Baca Juga: Advokat Saor Siagian: Kesimpulan Perekat Nusantara dalam Persoalan Ferdy Sambo Justru Berbahaya
Di sisi lain, Petrus menganggap kepercayaan publik terhadap polisi berkurang karena pernyataan kuasa hukum Brigadir Yoshua yang beredar di media sosial.
"Penghakiman di medsos itu akibat dari pernyataan secara bertubi-tubi oleh kuasa hukum keluarga korban (Brigadir Yoshua -red)," kata dia.
Hal itu ditangkis oleh Saor yang menilai bahwa keterangan keluarga maupun pengacara Brigadir Yoshua yang mempertanyakan keberadaan pemilik rumah yang menjadi tempat kejadian perkara (TKP) itu tetap sah.
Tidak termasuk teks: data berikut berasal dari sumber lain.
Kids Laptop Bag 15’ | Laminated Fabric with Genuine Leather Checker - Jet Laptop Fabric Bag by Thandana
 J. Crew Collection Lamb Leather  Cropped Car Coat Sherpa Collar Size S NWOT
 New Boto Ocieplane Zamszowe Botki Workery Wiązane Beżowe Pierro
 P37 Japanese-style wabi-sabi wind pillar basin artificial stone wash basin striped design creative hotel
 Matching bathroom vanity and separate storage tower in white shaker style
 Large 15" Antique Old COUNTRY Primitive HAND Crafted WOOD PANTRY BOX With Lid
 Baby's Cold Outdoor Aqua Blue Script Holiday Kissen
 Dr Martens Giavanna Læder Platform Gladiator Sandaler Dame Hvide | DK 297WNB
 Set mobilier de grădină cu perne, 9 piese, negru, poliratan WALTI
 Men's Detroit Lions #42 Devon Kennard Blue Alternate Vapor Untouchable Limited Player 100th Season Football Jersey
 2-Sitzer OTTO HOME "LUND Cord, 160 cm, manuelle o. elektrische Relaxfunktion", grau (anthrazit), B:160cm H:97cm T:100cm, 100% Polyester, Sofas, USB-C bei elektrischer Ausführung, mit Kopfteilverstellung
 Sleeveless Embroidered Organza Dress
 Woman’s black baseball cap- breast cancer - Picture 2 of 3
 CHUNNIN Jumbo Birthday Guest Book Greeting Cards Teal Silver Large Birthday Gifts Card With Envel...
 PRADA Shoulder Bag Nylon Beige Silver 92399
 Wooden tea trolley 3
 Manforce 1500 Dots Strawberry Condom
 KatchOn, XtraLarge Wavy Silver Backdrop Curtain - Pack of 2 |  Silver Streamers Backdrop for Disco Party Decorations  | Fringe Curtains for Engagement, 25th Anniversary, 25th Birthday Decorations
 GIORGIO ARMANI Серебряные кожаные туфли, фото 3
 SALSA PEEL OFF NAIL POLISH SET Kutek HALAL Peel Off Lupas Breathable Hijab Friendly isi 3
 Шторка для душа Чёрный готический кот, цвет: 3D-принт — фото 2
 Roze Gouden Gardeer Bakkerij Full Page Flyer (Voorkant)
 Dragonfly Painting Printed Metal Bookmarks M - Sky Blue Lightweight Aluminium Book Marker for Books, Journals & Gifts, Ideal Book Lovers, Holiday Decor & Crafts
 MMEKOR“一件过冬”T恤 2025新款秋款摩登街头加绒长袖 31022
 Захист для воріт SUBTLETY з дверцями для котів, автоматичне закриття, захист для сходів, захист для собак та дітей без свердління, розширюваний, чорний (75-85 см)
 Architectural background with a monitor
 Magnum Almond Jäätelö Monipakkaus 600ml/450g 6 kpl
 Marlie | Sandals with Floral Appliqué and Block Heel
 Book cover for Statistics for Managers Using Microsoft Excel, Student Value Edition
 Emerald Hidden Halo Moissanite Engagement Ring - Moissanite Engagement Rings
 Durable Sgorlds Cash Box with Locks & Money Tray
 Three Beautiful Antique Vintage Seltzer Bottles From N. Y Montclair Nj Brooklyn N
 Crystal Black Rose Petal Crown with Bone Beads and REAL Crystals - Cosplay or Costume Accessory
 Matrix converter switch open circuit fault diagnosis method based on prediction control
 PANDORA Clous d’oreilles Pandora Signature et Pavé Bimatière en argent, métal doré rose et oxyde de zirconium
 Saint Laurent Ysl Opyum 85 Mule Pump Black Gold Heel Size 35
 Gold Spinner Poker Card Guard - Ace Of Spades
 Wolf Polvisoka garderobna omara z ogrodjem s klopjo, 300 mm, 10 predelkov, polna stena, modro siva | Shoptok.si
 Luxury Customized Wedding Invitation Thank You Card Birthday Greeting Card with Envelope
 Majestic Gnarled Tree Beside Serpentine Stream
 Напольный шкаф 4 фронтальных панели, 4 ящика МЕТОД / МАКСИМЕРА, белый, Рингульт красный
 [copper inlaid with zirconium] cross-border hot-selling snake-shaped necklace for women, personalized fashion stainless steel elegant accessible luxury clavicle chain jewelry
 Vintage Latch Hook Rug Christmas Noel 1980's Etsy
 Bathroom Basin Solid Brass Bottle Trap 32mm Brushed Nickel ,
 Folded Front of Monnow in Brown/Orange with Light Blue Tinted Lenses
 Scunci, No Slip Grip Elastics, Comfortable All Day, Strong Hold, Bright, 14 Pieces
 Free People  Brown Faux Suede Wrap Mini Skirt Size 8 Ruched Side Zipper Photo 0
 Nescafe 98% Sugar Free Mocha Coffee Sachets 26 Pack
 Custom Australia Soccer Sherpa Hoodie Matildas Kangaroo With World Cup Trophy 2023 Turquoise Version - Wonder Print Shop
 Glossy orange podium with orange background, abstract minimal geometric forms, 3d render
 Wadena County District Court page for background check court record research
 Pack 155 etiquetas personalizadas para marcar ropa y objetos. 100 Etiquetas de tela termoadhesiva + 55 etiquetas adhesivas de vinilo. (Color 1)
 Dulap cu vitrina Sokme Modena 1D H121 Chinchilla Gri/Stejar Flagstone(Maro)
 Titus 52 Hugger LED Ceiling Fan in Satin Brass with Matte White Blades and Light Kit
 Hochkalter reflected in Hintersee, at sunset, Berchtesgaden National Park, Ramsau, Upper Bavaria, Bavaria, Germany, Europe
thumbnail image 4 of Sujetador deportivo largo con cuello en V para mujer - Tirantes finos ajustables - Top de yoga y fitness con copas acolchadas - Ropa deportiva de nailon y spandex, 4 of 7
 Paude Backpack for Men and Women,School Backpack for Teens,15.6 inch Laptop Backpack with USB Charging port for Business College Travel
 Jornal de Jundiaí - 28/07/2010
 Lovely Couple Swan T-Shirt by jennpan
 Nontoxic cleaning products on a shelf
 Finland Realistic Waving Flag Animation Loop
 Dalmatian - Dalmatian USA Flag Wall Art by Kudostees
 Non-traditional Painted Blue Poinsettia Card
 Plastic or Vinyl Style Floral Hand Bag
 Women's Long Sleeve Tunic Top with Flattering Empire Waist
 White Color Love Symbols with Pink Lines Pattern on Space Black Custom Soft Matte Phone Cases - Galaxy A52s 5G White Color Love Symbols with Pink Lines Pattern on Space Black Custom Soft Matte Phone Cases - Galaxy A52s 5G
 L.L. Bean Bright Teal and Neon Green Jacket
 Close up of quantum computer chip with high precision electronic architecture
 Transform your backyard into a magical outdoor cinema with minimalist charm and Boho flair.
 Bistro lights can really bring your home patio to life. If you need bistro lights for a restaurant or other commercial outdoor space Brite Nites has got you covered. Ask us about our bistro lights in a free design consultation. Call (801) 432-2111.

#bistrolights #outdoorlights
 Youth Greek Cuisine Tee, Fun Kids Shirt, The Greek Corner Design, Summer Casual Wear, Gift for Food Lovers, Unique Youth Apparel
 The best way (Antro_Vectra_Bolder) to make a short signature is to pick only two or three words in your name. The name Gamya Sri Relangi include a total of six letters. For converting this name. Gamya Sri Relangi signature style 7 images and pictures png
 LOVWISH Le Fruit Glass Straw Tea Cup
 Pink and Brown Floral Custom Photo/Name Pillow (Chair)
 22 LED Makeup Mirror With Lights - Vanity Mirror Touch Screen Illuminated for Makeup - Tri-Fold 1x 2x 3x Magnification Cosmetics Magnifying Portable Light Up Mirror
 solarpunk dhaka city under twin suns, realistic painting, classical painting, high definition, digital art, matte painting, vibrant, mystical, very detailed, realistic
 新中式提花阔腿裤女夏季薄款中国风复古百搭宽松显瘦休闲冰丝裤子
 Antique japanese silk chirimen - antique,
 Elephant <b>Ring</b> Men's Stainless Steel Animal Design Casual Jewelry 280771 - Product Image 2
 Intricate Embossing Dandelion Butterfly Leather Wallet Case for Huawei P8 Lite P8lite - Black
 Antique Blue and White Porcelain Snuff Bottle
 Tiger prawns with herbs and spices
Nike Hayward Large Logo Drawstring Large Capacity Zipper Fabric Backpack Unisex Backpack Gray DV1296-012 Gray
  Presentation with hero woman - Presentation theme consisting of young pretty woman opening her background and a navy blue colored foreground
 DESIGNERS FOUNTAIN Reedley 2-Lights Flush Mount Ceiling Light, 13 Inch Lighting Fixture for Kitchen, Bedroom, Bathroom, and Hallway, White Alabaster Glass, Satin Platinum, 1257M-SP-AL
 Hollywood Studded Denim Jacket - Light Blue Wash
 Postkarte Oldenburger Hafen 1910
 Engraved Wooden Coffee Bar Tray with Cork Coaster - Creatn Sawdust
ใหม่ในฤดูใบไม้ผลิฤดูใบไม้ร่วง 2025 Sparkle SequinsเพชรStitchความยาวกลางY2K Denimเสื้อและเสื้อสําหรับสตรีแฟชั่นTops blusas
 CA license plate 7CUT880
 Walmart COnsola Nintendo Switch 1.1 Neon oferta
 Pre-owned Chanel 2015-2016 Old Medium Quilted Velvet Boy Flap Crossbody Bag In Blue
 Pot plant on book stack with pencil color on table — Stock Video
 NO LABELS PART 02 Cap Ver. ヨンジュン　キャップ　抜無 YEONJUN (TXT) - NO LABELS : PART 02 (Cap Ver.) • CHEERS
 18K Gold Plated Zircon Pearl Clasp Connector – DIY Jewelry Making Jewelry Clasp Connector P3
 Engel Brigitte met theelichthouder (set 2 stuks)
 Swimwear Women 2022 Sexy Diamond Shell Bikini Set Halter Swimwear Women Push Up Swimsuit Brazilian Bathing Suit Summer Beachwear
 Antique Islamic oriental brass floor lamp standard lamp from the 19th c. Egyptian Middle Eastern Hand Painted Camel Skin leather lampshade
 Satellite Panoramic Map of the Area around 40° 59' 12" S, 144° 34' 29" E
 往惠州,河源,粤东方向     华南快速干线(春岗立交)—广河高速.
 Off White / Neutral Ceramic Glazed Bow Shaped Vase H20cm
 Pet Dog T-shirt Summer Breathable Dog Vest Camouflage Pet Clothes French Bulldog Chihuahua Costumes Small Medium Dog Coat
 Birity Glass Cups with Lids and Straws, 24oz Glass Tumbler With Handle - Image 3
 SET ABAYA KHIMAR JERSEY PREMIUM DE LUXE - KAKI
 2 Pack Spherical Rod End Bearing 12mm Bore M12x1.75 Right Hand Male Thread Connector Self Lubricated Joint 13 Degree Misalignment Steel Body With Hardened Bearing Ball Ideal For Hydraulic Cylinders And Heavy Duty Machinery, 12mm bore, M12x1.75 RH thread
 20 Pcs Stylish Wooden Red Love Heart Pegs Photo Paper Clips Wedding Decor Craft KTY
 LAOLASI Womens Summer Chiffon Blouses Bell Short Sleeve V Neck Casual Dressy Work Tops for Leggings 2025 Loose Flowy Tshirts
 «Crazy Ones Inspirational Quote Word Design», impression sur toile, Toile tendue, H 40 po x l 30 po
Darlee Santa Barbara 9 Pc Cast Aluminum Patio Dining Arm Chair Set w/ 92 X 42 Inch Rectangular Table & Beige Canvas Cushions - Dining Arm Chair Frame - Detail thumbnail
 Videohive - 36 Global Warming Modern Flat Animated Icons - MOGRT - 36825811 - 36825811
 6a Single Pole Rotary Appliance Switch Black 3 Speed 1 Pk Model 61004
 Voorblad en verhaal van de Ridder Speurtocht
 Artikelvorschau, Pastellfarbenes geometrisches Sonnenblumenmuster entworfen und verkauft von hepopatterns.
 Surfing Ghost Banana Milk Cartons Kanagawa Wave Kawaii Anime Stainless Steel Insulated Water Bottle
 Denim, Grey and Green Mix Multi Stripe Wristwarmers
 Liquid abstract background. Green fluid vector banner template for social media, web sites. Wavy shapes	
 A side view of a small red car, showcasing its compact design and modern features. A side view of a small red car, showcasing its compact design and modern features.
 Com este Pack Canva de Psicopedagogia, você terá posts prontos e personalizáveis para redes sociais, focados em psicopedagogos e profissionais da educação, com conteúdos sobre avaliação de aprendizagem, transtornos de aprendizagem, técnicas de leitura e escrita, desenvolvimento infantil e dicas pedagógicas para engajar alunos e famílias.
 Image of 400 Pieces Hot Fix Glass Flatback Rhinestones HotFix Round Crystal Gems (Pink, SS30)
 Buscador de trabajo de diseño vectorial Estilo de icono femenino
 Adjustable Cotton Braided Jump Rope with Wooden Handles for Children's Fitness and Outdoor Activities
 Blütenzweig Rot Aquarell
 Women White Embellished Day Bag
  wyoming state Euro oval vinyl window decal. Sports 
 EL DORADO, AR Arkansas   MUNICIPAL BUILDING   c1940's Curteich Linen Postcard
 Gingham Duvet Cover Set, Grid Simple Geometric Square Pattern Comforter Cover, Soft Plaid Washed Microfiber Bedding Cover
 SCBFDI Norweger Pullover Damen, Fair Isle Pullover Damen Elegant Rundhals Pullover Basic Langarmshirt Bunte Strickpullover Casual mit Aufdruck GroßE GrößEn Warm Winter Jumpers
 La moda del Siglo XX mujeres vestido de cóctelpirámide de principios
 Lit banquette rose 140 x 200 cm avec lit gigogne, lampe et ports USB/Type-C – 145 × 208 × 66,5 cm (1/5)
Terlebih lagi, kata Saor, keluarga melihat kondisi jenazah Berigadir Yoshua yang janggal dengan banyak luka di tubuh.
"Sekadar melihat mayat atau jenazah anaknya pun tidak layak, itu lah pertanyaan-pertanyaan janggal yang terjadi. Ketika pengacara atau siapa pun mempertanyakan di mana (Ferdy Sambo -red) saat kematian (Brigadir Yoshua -red), kan sah-sah saja."
Ia juga mengajak Petrus dan advokat lainnya untuk menganalisis kasus ini berdasarkan fakta.
"Andaikan publik tidak bersuara soal kejanggalan-kejanggalan ini, apa yang terjadi? Saya kira teman-teman di pemerintah dan saya juga sebagai advokat, saya kira semuanya menganalisanya dalam bentuk fakta-fakta," pungkasnya.